CNBC Awards

Cara Alokasi Joint Cost untuk Produk Gabungan

Diterbitkan:

Satu proses produksi bisa menghasilkan beberapa produk sekaligus, tapi biaya di awalnya tercampur jadi satu. Di titik ini, tantangan terbesar biasanya bukan menghitung total biaya, melainkan membaginya secara masuk akal ke tiap produk.

Joint cost dipakai untuk menata biaya gabungan sebelum produk terpisah di split-off point. Penentuan alokasi yang rapi membantu tim melihat HPP per produk dengan lebih jelas, terutama saat harga jual, volume, dan biaya lanjutan tiap produk tidak sama.

Di praktiknya, metode alokasi perlu mengikuti karakter proses produksi dan data yang tersedia, bukan sekadar ikut metode yang paling populer. Begitu pilih metodenya, barulah perhitungan dan pelaporan jadi konsisten dari periode ke periode.

Key Takeaways

  • Joint cost berasal dari proses produksi gabungan yang menghasilkan beberapa produk, sedangkan common cost timbul dari penggunaan sumber daya bersama untuk produk terpisah.
  • Joint cost adalah biaya produksi gabungan sebelum titik pemisahan yang harus dialokasikan agar pembukuan laporan keuangan dan strategi harga tetap akurat.
  • Biaya ini muncul secara alami dari proses produksi tunggal yang menghasilkan beberapa produk secara serentak.

Daftar Isi:

    Daftar Isi

      Peran Joint Cost dalam Akuntansi Biaya

      Joint cost adalah total biaya bahan baku, tenaga kerja, dan overhead yang dikeluarkan dalam satu proses produksi gabungan sebelum mencapai titik pemisahan (split-off point) menjadi produk-produk yang berbeda.

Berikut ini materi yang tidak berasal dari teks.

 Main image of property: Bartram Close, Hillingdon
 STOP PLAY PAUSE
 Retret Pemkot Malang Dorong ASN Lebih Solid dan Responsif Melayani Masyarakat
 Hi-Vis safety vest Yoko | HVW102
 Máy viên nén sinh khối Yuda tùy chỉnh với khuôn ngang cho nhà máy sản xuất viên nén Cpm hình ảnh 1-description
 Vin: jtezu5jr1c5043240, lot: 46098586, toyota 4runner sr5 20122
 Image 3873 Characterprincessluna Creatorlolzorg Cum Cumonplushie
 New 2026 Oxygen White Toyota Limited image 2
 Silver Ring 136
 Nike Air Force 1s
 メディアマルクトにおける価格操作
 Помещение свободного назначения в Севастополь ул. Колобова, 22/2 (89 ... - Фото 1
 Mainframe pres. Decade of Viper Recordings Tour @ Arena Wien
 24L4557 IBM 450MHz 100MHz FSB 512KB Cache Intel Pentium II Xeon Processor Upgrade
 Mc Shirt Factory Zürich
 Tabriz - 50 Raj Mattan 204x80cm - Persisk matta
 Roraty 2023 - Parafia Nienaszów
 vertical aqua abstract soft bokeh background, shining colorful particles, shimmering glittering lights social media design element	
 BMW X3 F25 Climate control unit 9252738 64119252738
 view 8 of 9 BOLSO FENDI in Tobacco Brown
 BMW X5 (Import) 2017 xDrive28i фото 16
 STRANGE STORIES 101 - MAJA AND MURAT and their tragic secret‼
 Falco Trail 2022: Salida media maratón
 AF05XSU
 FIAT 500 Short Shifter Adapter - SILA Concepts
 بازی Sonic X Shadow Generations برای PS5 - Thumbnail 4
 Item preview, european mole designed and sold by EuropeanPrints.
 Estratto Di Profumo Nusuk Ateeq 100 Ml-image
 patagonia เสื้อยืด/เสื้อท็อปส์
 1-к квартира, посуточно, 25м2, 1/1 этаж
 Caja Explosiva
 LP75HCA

      Di industri manufaktur, misalnya, joint cost sering kali menjadi area abu-abu yang membingungkan. Biaya ini muncul secara alami dari proses produksi tunggal yang menghasilkan beberapa produk secara bersamaan, atau yang kita kenal sebagai produk gabungan (joint products). Artinya, biaya ini tidak dapat dilacak atau dibebankan secara langsung ke satu produk spesifik sebelum produk tersebut terpisah secara fisik.

      Urgensi pemahaman ini sangat tinggi bagi manajemen level atas karena kesalahan alokasi dapat mendistorsi laporan laba rugi secara signifikan.

      Dalam survei manufaktur di UK, 86,7% responden mengaku memakai product cost sering atau setiap saat untuk keputusan, dan 54,6% memakainya setiap saat

      Untuk memahami konsep ini secara utuh, kita perlu membedah elemen utama yang membentuk strukturnya. Mari kita mulai dengan memahami titik krusial di mana biaya ini mulai bisa dipisahkan.

      1. Konsep Titik Pisah (Split-Off Point)

      Split-off point adalah momen kritis dalam lini produksi di mana produk-produk gabungan mulai dapat diidentifikasi sebagai unit individu yang terpisah. Sebelum mencapai titik ini, seluruh biaya produksi dianggap sebagai satu kesatuan yang tidak terpisahkan. Pemahaman yang tepat mengenai titik ini sangat penting untuk menentukan kapan alokasi biaya harus mulai diterapkan secara spesifik.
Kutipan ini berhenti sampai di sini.